Leading clinical negligence lawyers have warned of the risks arising from growing numbers of personal injury practitioners moving into their sector.
Legal consultancy Zebra last week reported a tenfold increase in enquiries about setting up or expanding medical negligence cases since the beginning of the year.
The majority of those contacts came from personal injury firms hit by cuts to fixed fees for RTA claims.
Clinical negligence solicitors say cases in their sector require specialist knowledge and major investment to ensure they are handled correctly.

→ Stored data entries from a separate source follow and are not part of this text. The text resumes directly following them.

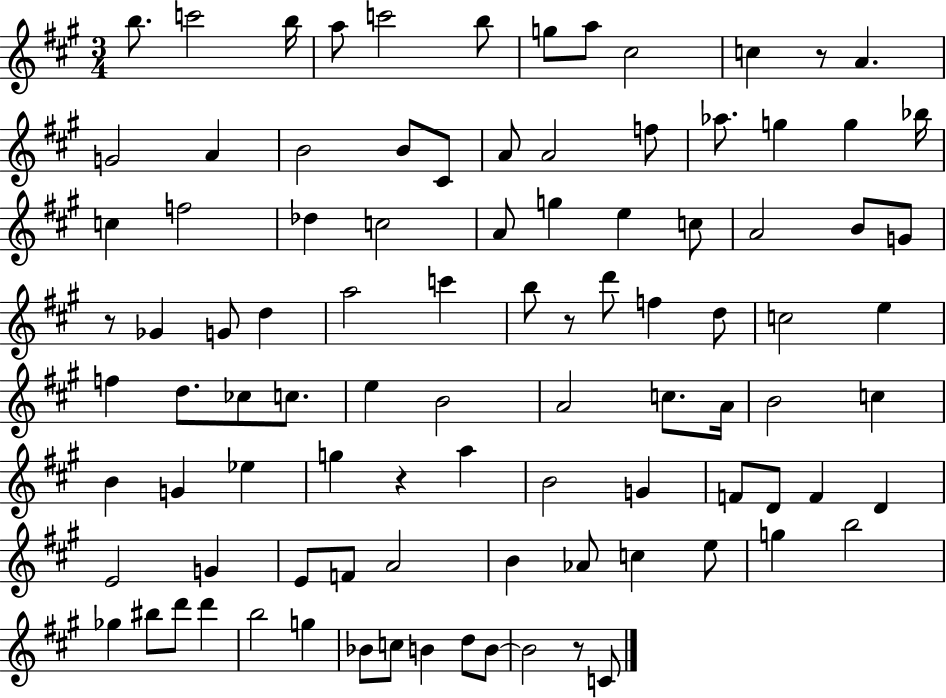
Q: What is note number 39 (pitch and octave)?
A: C6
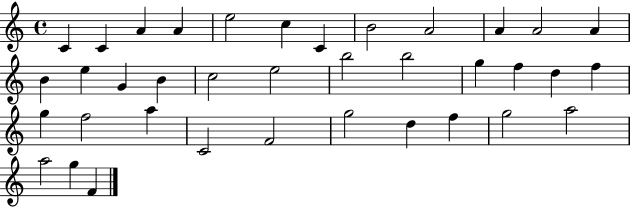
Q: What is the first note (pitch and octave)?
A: C4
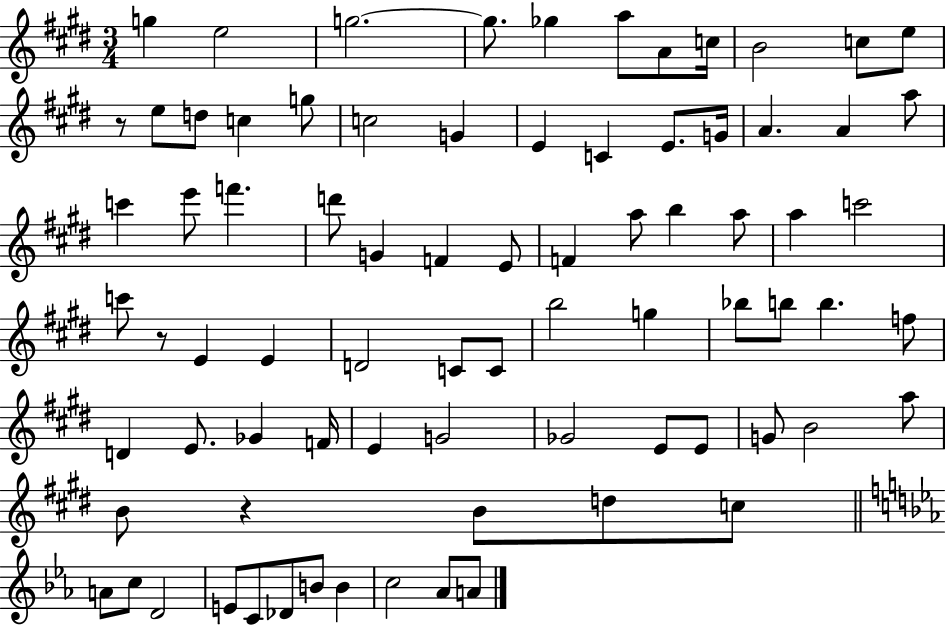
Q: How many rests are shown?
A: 3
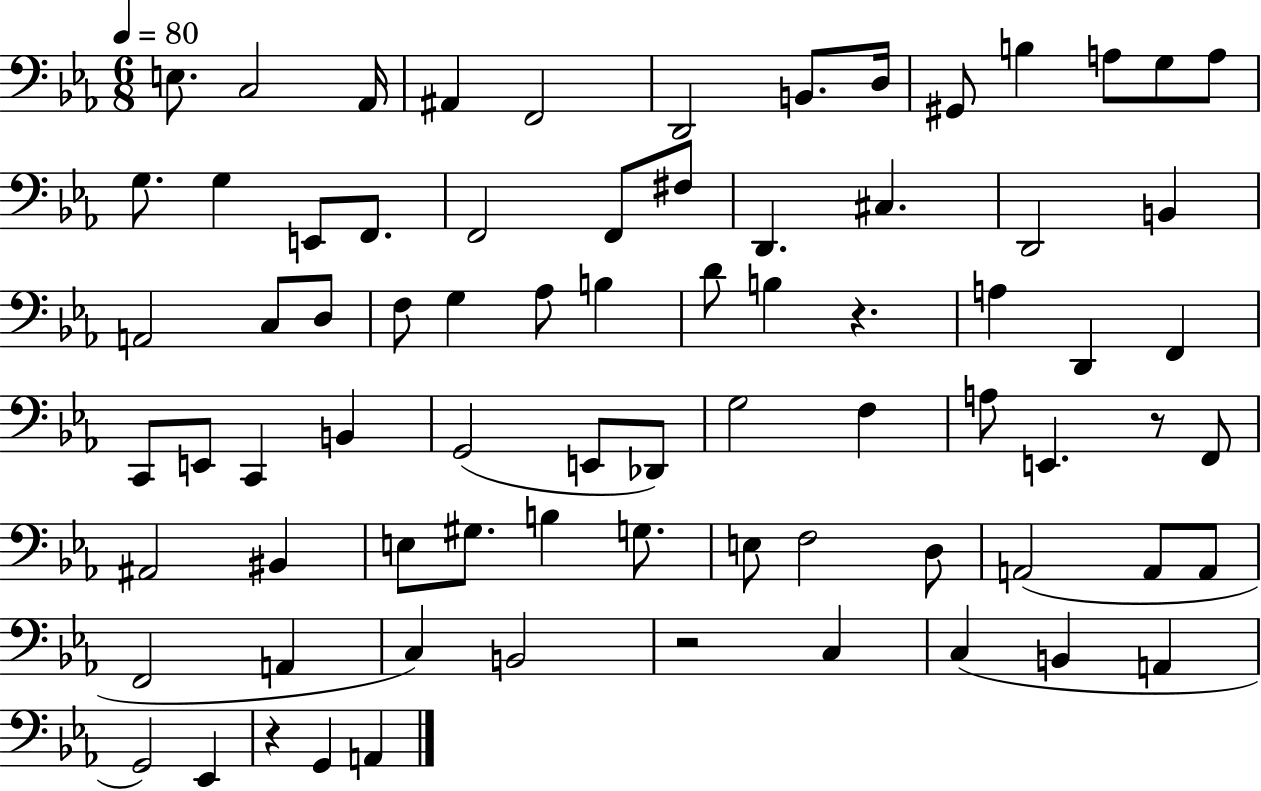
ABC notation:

X:1
T:Untitled
M:6/8
L:1/4
K:Eb
E,/2 C,2 _A,,/4 ^A,, F,,2 D,,2 B,,/2 D,/4 ^G,,/2 B, A,/2 G,/2 A,/2 G,/2 G, E,,/2 F,,/2 F,,2 F,,/2 ^F,/2 D,, ^C, D,,2 B,, A,,2 C,/2 D,/2 F,/2 G, _A,/2 B, D/2 B, z A, D,, F,, C,,/2 E,,/2 C,, B,, G,,2 E,,/2 _D,,/2 G,2 F, A,/2 E,, z/2 F,,/2 ^A,,2 ^B,, E,/2 ^G,/2 B, G,/2 E,/2 F,2 D,/2 A,,2 A,,/2 A,,/2 F,,2 A,, C, B,,2 z2 C, C, B,, A,, G,,2 _E,, z G,, A,,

Zoe Holland, managing director of Zebra Legal, said: ‘The temptation for some firms is to consider placing their experienced personal injury solicitors into the role of clinical negligence risk assessor. Unless the assessor has significant experience in this field, or has a medical background, this scenario is set to fail.’
Stephen Webber (pictured), head of medical negligence at national firm Hugh James and chairman of the Society of Clinical Injury Lawyers (SCIL), said it was important for clients to be well informed about who is conducting their case.
‘The business models are different with PI/RTA firms working on high upfront costs for referral fees pre-Jackson and advertising post-Jackson and then wanting quick turnaround for cashflow purposes,’ he said.
‘By contrast, clinical negligence firms will run the case for the correct time period. ‘The risk with quick turnaround is the risk of under settlement.’
SCIL, which has members from more than 100 firms, wants a new quality mark to inform clients they are instructing a specialist.
‘Lawyers should not be allowed to protect their patch but the public should be able to make an informed decision,’ Webber added.
Geraldine McCool, director at national firm MPH Solicitors, said personal injury firms had to make sure they had the right infrastructure in place before changing specialism. ‘It’s a very complex area,’ she said.